Last month, Amazon announced that it has temporarily suspended construction planning for a new 17-story building expected to house 7,000 employees. The move came as Seattle is voting to institute a jobs tax, a 26-cent levy on every hour by an employee at companies making annually $20 million in revenue.
It is apparent that Amazon is gradually fleeing from the city. Why do you think Jeff Bezos is launching HQ2?
Well, this isn’t making the socialists happy at all.
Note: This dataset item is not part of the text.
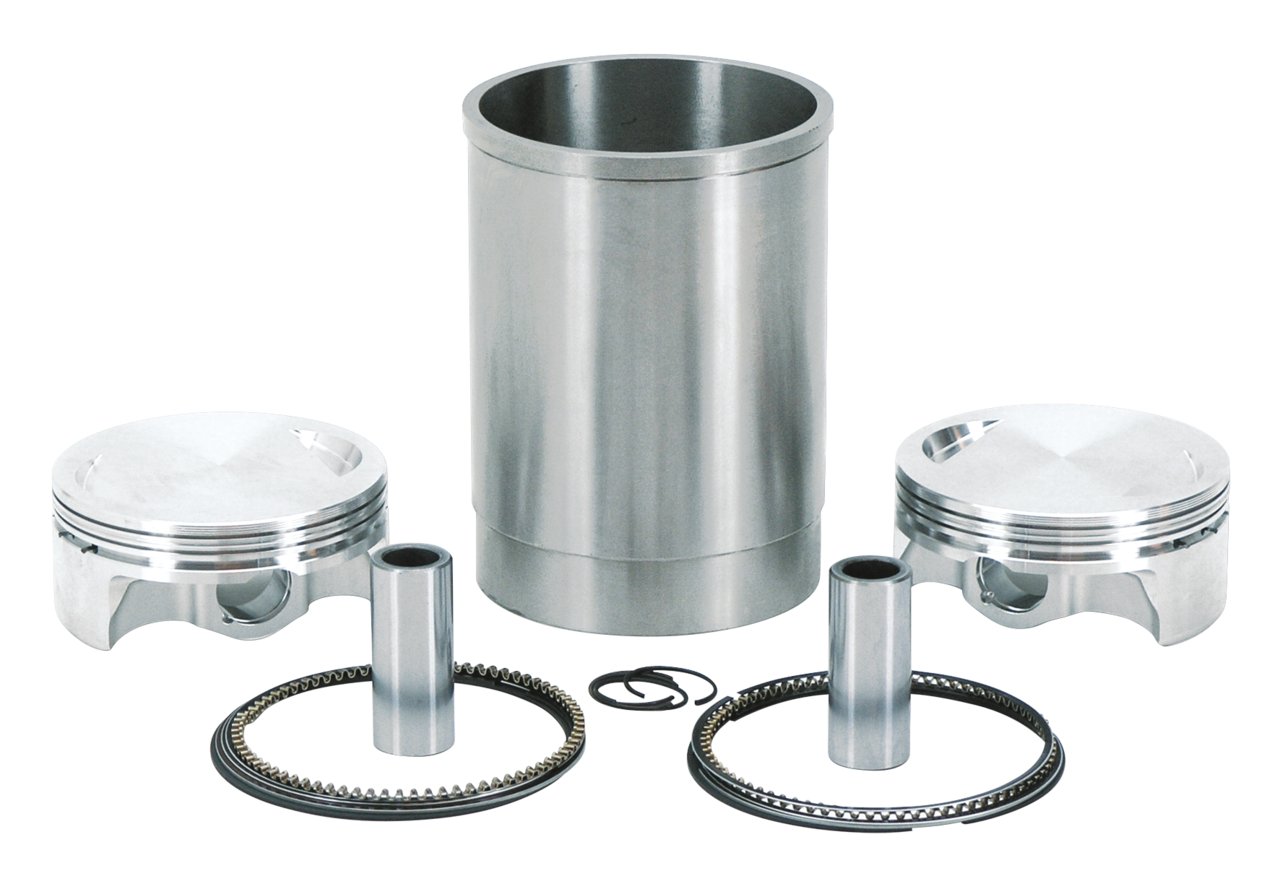 Wiseco 110 Ci Sleeper Kit with 4" Big Bore Pistons for Twin Cam – Engine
The likes of Kshama Sawant are holding demonstrations, telling Amazon that the money they earn is really the people’s. Typical socialist rhetoric.
But it gets worse.
Sawant and others have launched a petition to prosecute Amazon:
“Amazon is intimidating a public servant by claiming they’ll pause construction depending on how and when the City Council votes on the proposed tax to fund homeless services. Read our letter below to Attorney General Bob Ferguson asking him to prosecute Amazon to the fullest extent of the law for this crime. Then add your name to the letter & share widely!”
She tweeted last week:
From @workingwa: @amazon‘s threat on the people of Seattle is like a subprime mob boss lording it over a company town. It’s also a crime. Sick of putting up with Amazon’s bullying? Send a letter to @BobFergusonAG to prosecute Amazon & join us City Hall 9AM https://t.co/9CVFW3u7PS
— Kshama Sawant (@cmkshama) May 9, 2018
It appears, however, that these bullying tactics aren’t even garnering the support of unions and LGBT businesses.
From Liberty Nation:
But these central planners may be more perturbed by the fact that businesses, unions, and even progressives are coalescing to fight the jobs tax. The leaders of the Downtown Association, the Seattle Chamber of Commerce, and the Greater Seattle Business Association recently penned that the tax won’t solve homelessness, while Iron Workers Local 86 shouted “no head tax” at a counter-protest
If there is one common cause that can bring together capital and labor, it’s the fatuous nature of leftism.
…
But what happens to Seattle when Amazon eventually transitions operations to another part of the country? Or, what if Amazon falls victim to the forces of the free market and sees its market share crater? Who will be left to fill the gaping budget holes? Who will cover the tab for the next big progressive plan? Who else will Sawant blame for red ink in the books?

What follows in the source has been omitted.